To kolejna wypowiedź, z której wynika, że Skarb Państwa chce, aby PKO BP zaczął wzmacniać swoją pozycję poprzez kupno innego podmiotu.
– Na pewno czas bessy jest dobrym momentem do przejęć ze względu na niższe wyceny, ale uzasadnienie biznesowe takiej decyzji zależy od tego, co bank miałby przejąć. – uważa Tomasz Bursa, analityk Espirito Santo Investments.
Zdaniem analityka akwizycje za granicą są dziś obarczone dużym ryzykiem ze względu na niepewne otoczenie w sektorze. Jak już pisaliśmy, z naszych informacji wynika, że PKO BP jest zainteresowany możliwością kupna AIG Banku, którego właściciel wpadł w tarapaty w wyniku kryzysu finansowego i wyprzedaje część aktywów.

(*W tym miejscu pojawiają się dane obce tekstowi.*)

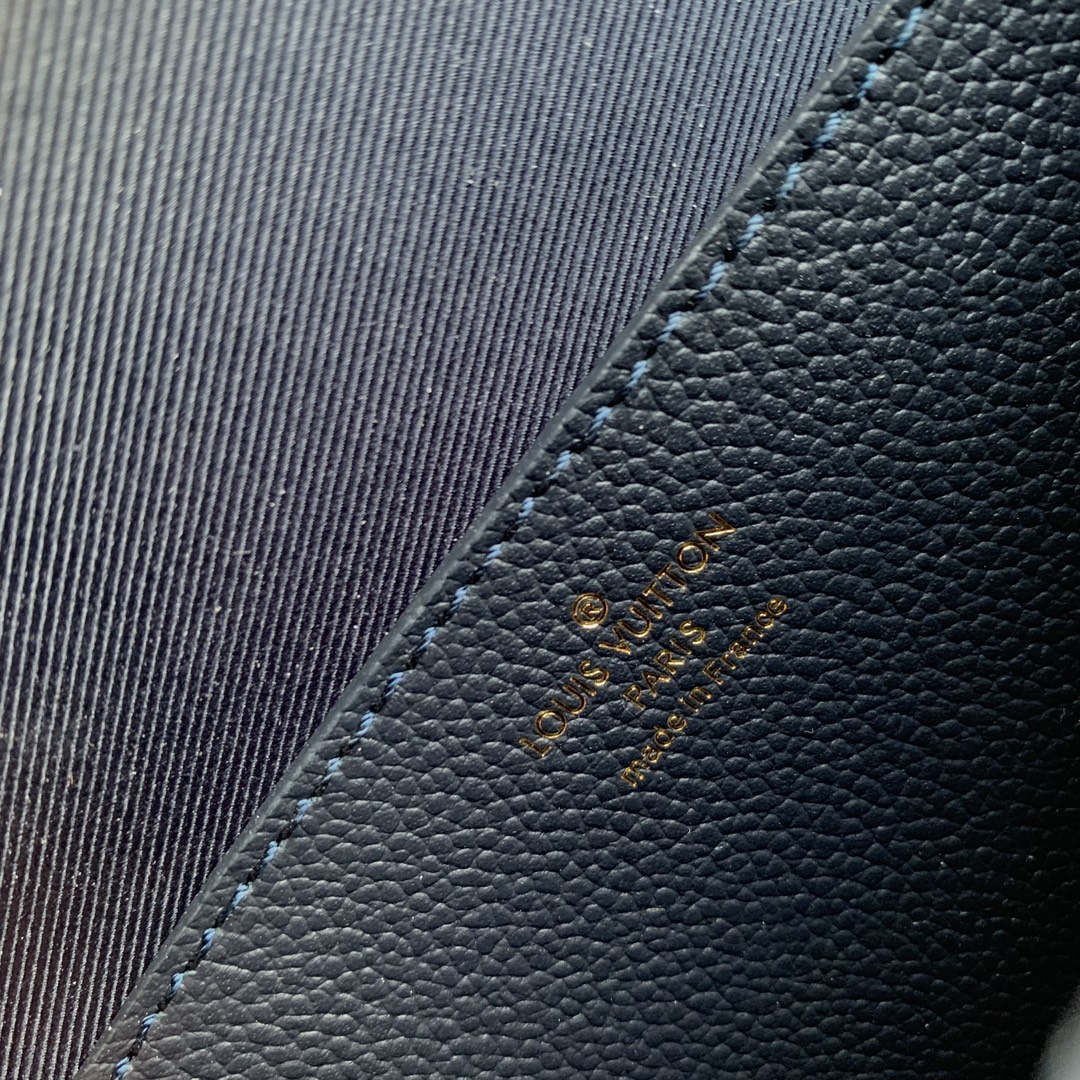 l**is V*t*n wallet on chain-22 x 15 x 5.5cm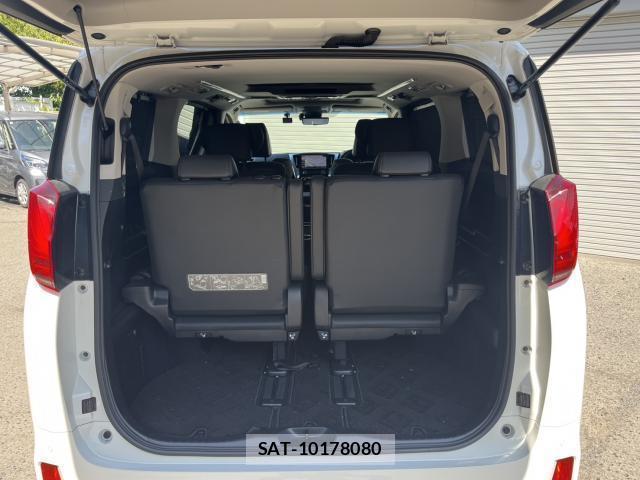 Toyota ALPHARD 2022-09 8650132-14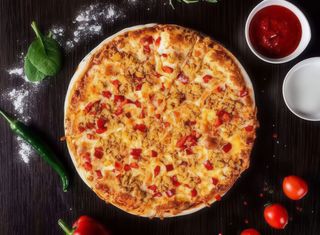 Pizza specialitatea bucatarului Ø 32cm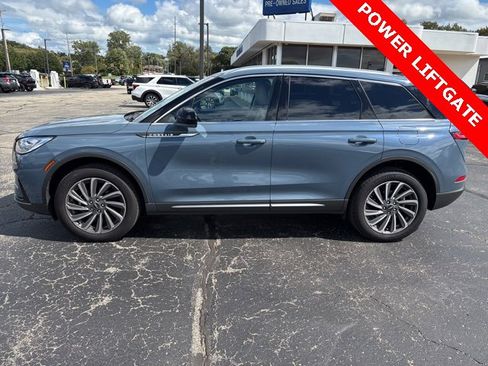 Used 2024 Lincoln Corsair Reserve image 2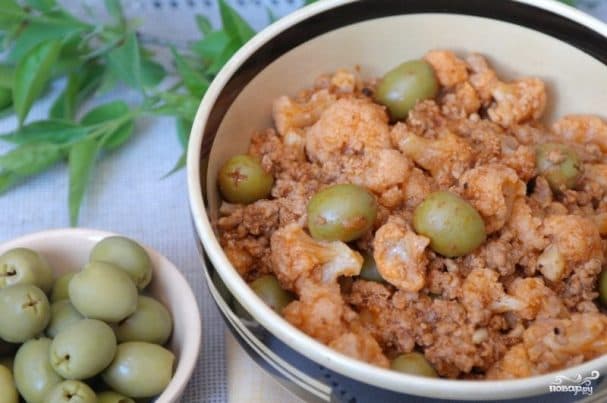 Cauliflower stewed with minced meat
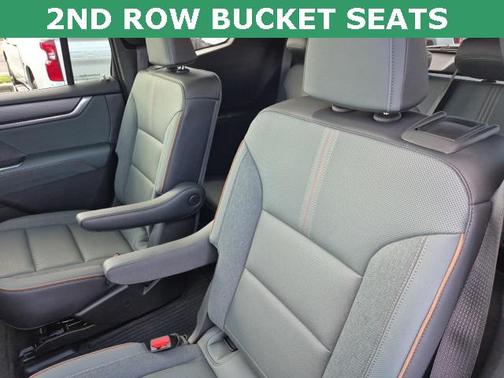 2024 GMC Acadia AWD AT4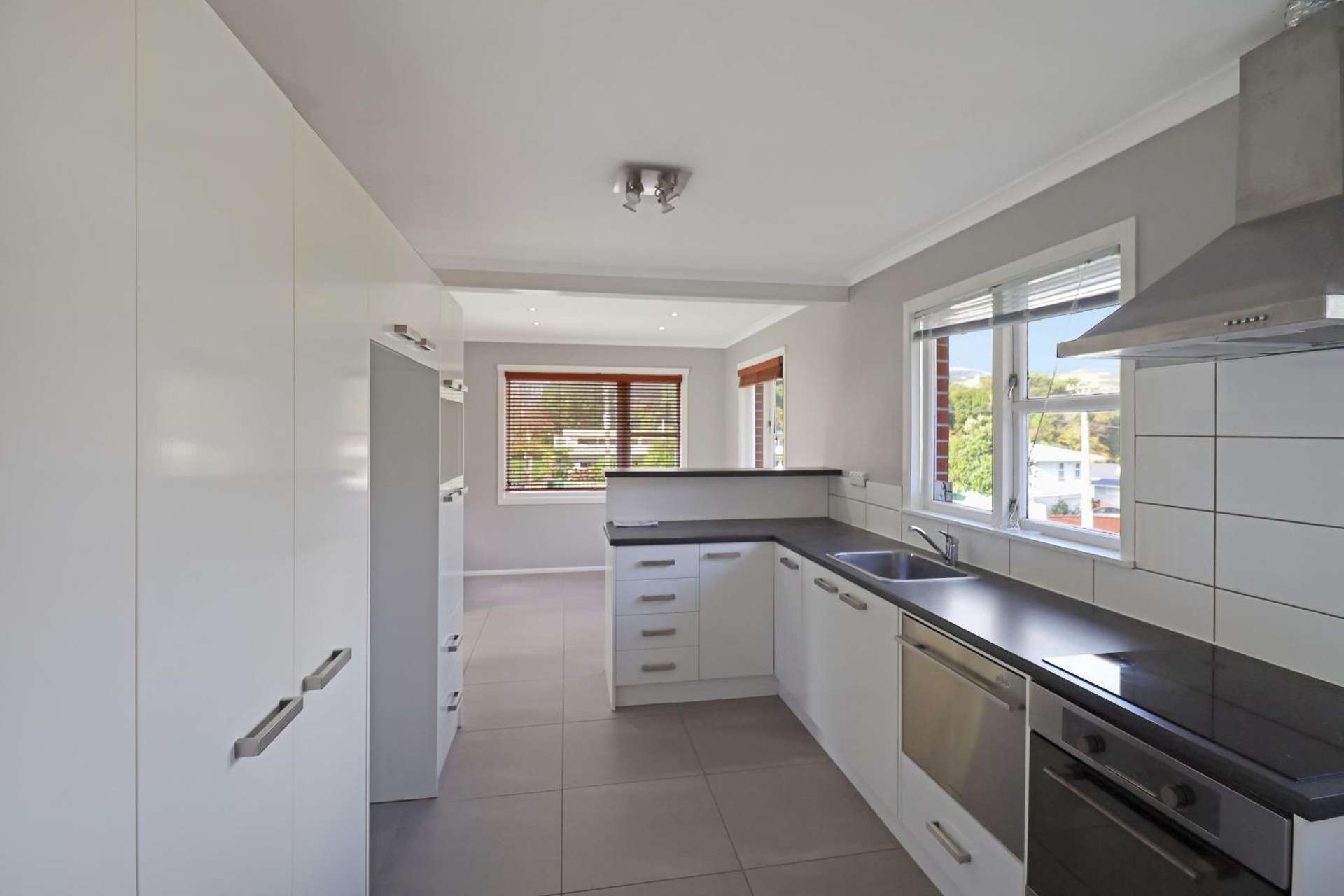 33 Victory Crescent 11538_0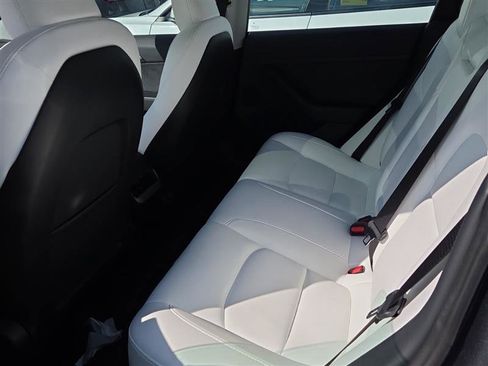 Used 2023 Tesla Model 3 Standard Range image 7
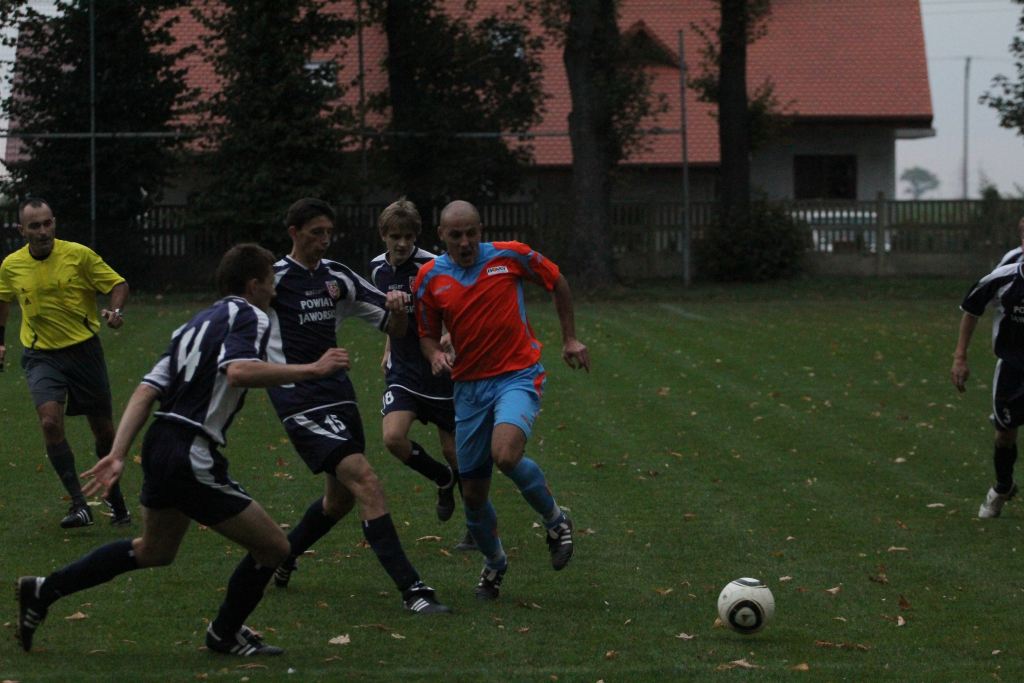 Legnickie Pole - Kuźnia 3:3 karne 3:5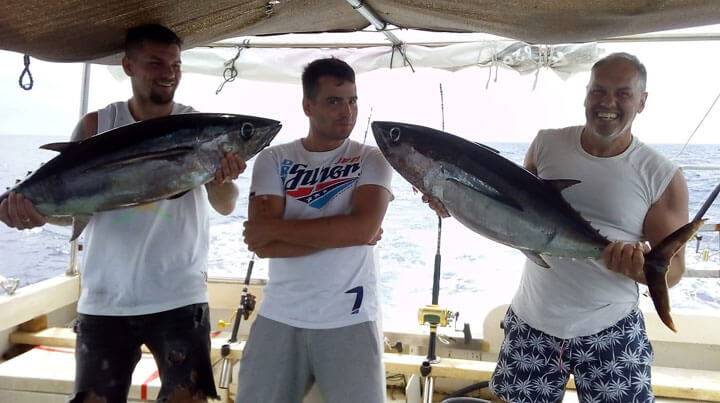 www.fishingtripmajorca.co.uk Albacore tuna fishing from Cala Bona and Cala Millor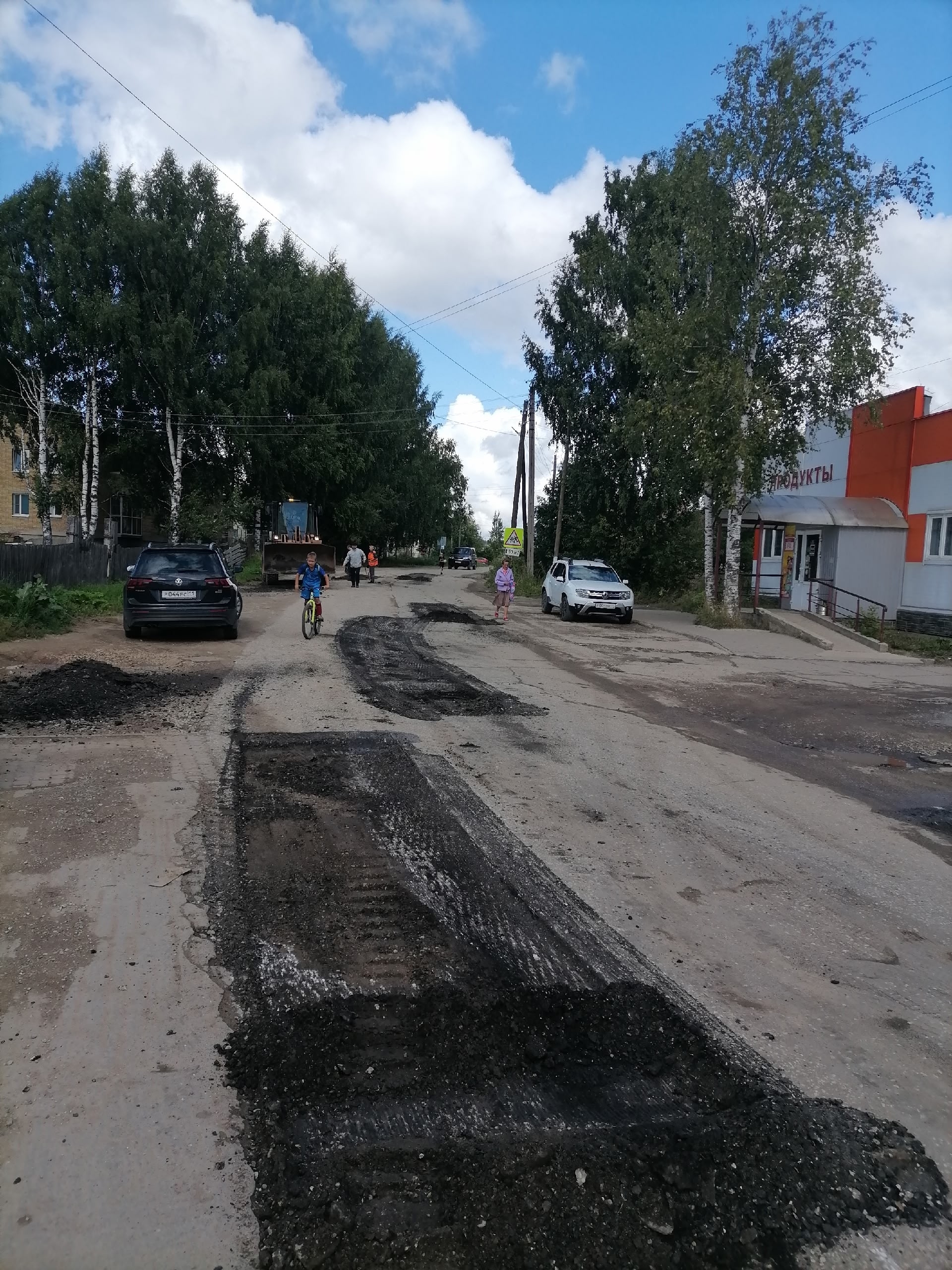 Благоустройство дорожного покрытия на улице Рабочей.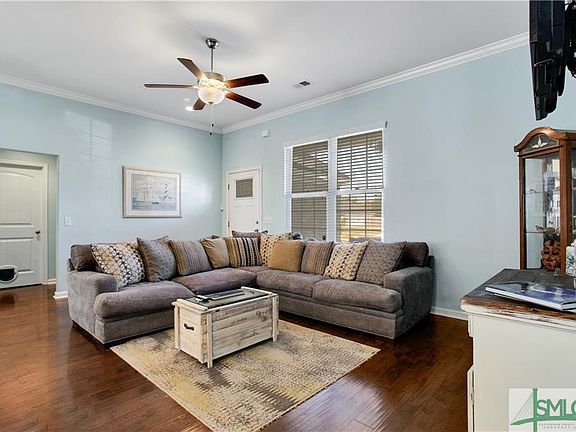 5th image of 325 Brighton Woods Dr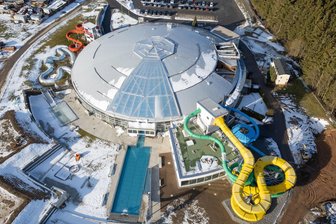 Rückwärts-Salto misslingt: Schwerer Unfall in Freizeitbad im Erzgebirge - Im Außenbecken am Freizeitbad Greifensteine hat sich ein schwerer Badeunfall ereignet.
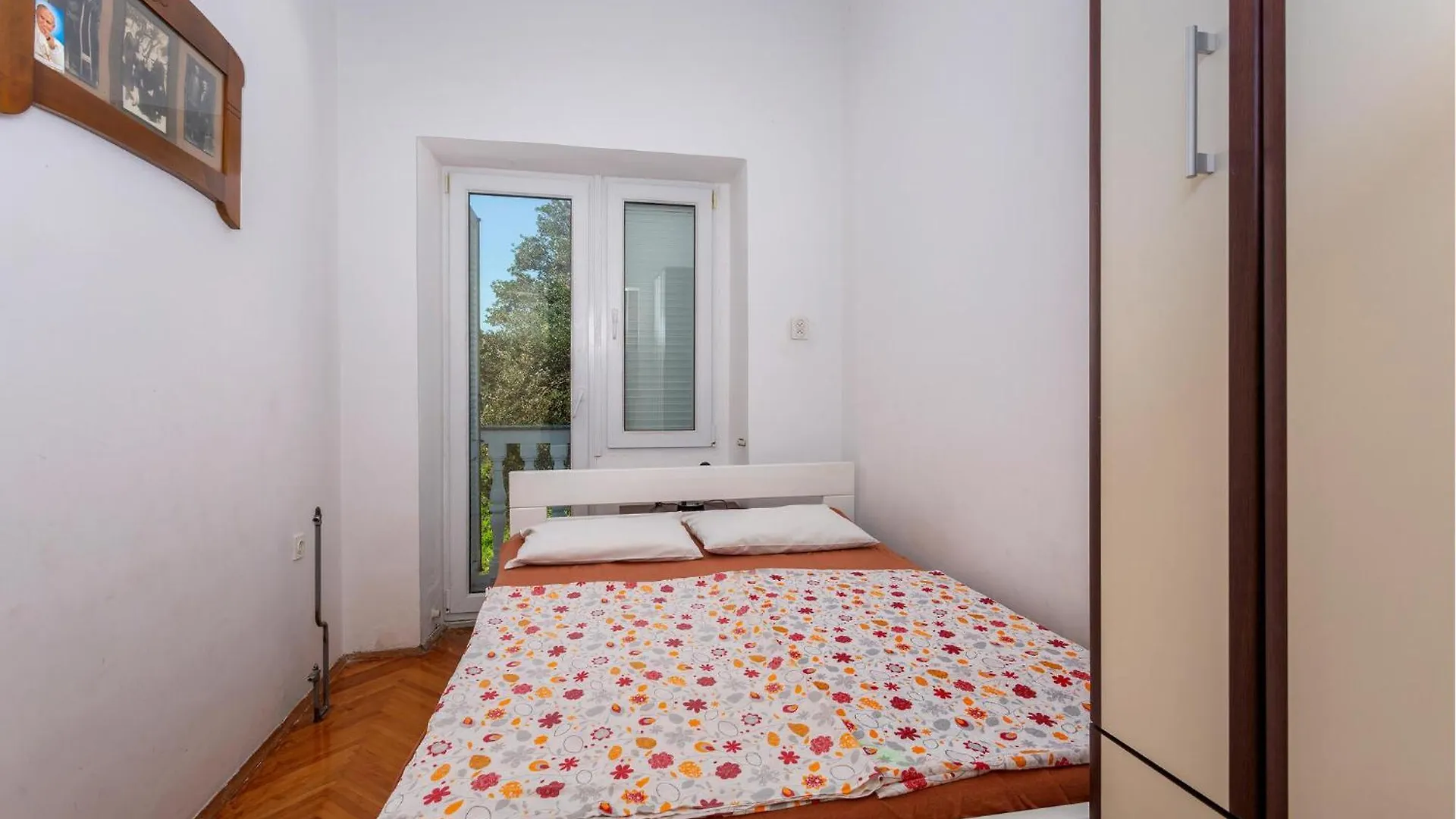 Nice Apartment In Novi Vinodolski With Wifi
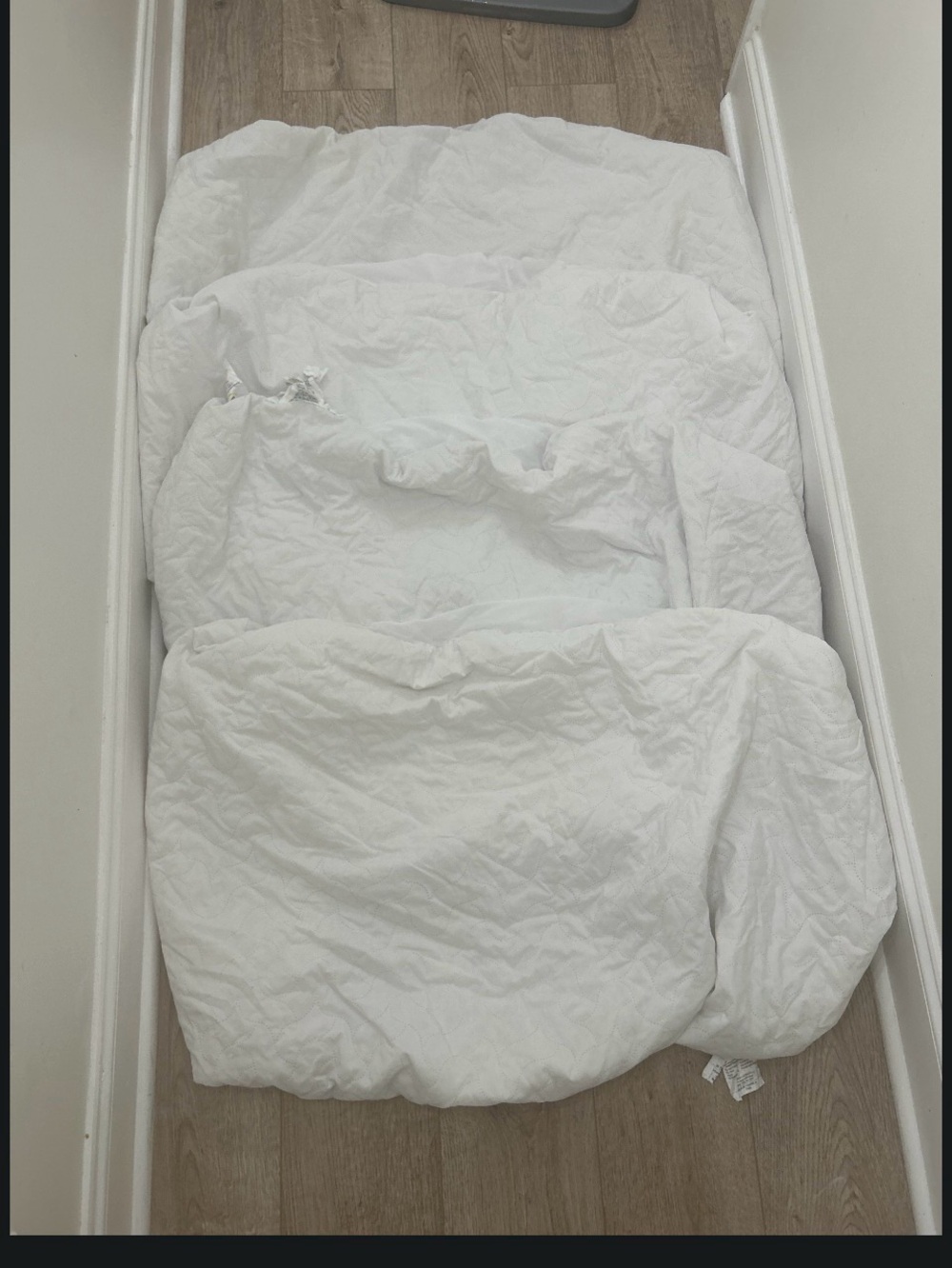 4 waterproof crib mattress covers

Rząd ma ambitne plany, by PKO BP pokazał, że jest aktywnym graczem na rynku, także jako pożyczkodawca w czasie kryzysu. A banki z kapitałem zagranicznym ograniczają kredytowanie gospodarkiPrezes banku Jerzy Pruski zapowiadał niedawno, że bank ma zamiar powiększać swoje udziały rynkowe. W ostatnich tygodniach aktywnie konkurował na rynku depozytowym, by pozyskać środki na rozwój akcji kredytowej. Obecnie trwają prace nad nową strategią banku, która ma zostać niedługo przyjęta przez radę nadzorczą.